《意識と無意識》
“汝自信を知れ”
“汝、はたして、何を知れるや”
今日は、徹底して現代人はいかに「自分のことを知らないか。」について、お話したい。
ソクラテスよりも、もっと昔にインドにウパニシヤドという聖典があります。
インドの数千年前のその本には、天地創造の主が、人間を作りその肉体に無数の穴をあけた。毛穴とか汗の穴とか、穴は外へ向かってあいています。
人間は外側のことは、解っても自分の内側のことは解っていない。かんじんな自分のことを解っていないということも、分かっていない。
そのことを分かってほしい。大昔から人間は外側のみ理解し、内側は分かりません。
“私の心”の分かっている部分を意識といいます。
分かっていない隠れている部分を無意識、潜在意識といいます。
意識と無意識の境界のところに、半意識というものがある。電話番号を思い出せずに「エエッート」と考える所です。努力したら思いだす部分を半意識といいます。
心のほどんどは、意識できない世界。では、意識できる世界は心全体のどれ位かといいますと、わずかに一割程度、これは心理学の常識です。ある学者にいわせると1/20という人もいます。せいぜい解っても一割程度だというのです。
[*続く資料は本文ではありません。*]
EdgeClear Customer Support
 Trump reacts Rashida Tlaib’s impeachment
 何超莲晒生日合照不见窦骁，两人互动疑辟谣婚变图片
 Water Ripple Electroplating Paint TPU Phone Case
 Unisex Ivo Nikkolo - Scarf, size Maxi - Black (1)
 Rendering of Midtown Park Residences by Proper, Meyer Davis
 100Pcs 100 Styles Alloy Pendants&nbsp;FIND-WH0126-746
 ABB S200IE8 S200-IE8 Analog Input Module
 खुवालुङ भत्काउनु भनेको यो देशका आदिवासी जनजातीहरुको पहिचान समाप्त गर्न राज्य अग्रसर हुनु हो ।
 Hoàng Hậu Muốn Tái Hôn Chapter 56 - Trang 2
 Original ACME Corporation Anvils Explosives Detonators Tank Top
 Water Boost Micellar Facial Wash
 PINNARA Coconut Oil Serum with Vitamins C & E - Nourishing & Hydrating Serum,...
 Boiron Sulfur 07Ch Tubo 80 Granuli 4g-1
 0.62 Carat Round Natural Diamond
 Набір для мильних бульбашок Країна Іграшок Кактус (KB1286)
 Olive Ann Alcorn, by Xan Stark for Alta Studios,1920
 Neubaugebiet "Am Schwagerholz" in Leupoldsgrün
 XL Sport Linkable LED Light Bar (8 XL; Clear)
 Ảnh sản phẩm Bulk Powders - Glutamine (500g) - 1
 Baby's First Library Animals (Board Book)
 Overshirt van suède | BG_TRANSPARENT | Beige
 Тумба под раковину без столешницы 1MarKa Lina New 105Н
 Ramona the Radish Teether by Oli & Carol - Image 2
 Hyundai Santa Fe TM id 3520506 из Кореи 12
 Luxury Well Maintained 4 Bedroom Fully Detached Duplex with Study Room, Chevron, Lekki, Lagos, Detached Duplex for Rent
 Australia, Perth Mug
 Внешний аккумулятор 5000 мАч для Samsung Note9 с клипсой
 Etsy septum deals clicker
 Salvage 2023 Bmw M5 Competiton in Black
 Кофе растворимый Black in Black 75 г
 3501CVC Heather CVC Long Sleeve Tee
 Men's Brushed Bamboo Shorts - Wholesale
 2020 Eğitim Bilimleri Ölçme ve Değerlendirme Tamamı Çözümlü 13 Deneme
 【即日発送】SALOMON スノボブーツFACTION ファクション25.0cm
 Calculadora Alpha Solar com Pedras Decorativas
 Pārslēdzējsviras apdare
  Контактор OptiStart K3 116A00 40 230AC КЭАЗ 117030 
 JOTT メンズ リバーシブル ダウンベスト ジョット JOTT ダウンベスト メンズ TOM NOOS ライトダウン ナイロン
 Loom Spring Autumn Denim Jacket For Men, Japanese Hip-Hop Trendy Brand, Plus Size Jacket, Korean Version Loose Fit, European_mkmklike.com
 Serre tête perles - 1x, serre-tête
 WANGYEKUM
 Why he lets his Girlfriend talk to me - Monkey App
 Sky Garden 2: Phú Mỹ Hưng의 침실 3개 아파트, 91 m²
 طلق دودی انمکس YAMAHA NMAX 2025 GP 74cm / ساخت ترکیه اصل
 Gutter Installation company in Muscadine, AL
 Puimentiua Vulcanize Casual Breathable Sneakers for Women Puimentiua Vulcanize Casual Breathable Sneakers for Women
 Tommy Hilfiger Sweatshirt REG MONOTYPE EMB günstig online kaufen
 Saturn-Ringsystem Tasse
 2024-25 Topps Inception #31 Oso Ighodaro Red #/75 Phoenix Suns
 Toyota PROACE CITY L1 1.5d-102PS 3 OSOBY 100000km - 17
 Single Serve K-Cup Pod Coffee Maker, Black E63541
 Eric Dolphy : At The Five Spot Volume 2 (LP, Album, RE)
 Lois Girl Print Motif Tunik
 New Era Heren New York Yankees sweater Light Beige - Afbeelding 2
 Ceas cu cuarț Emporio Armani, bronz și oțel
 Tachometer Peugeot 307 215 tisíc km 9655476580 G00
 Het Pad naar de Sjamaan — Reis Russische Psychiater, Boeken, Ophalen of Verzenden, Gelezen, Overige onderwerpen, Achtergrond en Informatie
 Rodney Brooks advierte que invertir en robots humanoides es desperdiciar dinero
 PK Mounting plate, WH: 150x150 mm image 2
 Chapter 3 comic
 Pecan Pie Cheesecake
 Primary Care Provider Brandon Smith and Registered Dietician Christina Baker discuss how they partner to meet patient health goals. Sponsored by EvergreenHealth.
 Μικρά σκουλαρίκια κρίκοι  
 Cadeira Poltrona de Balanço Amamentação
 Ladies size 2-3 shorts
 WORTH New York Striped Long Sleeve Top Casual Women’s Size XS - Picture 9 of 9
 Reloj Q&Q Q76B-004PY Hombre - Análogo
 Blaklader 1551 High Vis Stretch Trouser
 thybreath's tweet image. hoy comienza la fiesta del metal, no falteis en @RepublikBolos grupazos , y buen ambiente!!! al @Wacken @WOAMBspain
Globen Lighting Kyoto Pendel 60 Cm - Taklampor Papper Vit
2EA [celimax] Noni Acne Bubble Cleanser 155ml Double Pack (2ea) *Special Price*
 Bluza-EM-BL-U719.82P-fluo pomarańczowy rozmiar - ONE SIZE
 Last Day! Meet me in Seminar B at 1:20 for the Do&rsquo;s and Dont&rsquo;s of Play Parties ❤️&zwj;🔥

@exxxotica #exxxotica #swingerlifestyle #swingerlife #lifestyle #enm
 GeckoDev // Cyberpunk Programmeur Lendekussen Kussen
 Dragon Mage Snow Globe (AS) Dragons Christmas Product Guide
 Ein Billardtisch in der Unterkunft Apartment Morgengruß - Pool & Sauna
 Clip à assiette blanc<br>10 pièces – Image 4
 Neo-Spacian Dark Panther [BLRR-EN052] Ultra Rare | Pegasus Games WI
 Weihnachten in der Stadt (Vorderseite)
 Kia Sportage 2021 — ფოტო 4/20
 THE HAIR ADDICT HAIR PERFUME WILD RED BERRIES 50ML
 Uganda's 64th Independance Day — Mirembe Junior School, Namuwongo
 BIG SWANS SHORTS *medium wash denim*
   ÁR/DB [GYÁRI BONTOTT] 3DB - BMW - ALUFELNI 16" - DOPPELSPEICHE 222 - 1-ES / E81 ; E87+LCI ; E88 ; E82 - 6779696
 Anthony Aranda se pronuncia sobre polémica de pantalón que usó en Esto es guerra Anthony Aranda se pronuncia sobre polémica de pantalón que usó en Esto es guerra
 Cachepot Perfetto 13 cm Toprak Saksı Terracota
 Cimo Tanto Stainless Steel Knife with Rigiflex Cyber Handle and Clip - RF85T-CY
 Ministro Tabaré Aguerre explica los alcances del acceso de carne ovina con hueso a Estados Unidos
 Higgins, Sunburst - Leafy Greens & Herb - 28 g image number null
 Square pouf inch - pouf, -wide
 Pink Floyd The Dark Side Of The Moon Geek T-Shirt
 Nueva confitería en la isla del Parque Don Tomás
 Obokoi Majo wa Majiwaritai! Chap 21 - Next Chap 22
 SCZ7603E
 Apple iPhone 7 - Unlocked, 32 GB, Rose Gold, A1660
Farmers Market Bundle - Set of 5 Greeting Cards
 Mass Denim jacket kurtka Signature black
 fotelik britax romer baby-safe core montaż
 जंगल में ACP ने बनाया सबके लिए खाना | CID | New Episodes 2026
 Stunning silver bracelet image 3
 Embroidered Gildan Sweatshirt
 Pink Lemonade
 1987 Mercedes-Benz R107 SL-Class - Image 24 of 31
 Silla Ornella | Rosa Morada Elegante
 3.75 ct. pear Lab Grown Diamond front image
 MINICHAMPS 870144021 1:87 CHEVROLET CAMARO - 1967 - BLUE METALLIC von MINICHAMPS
外界のことに関して、人智はひらけています。常々感心していますのは気象衛星ヒマワリです。茶の間にいて、地球の外側から地球を見ているわけです。
人間のやることは本当に凄い。
ところが、心のことになると分かっていることが、たったの一割程度です。南氷洋や北氷洋に浮かぶ、氷山。あれと同じです。あれは、頭の上がチョットでているだけであとは海の中。海中の方が八〇%から九〇%です。一割程度しか分からない。へーぇそんなものかなと思われるでしょう。
夢というのは、何かというと、無意識の世界から意識の世界へ出てきたイメージのことを夢といいます。
大学の精神科の先生は毎日、見た夢の記録を取らせます。毎日記録させるわけです。
無意識のなかにどんな情念があるか探るのです。これを夢の分析といいます。精神科医の大きな仕事のひとつです。何故そんな夢を見たのかを、それを手がかりにしてその人の無意識層を探るのです。
私たちは、夜中にふっと目を覚ますことがあります。二時三時です。
明朝早起きしなくちゃと思うとします。
意識では、眠ろうとするのに目が冴えて眠れない。誰にも経験のあることです。眠れないのはなぜかというと、私たちの中の無意識が興奮しているからです。
多勢の人の前で、改めて、あいさつをしなくちゃならない。
例えば、華やかな結婚披露宴で、このあいさつをしなくちゃならない。自分の順番が廻ってくるとドキドキする。落着けと言いきかせるがあがってしまう。思うように言葉が出てこない。
これをアガルといいます。
大事な試合、試験、アイサツなどの時は、あがってしまう。意識上は、落着かせるのに、ドキドキする。無意識層が興奮しているからです。
意識と、無意識は、対立すると、意識はかないません。もともと一割程度のエネルギーしかないのでかないません。
意識のエネルギーが二倍になりますと、無意識のエネルギーは二の二乗、四倍にふくれる。三倍に意識しますと三の二乗、九倍にふくれてしまう。意識は、無意識にかなわず、意識すればするほどかえって無意識に負けてしまうのです。
思わなければよいのですが、かえって、思ってしまう。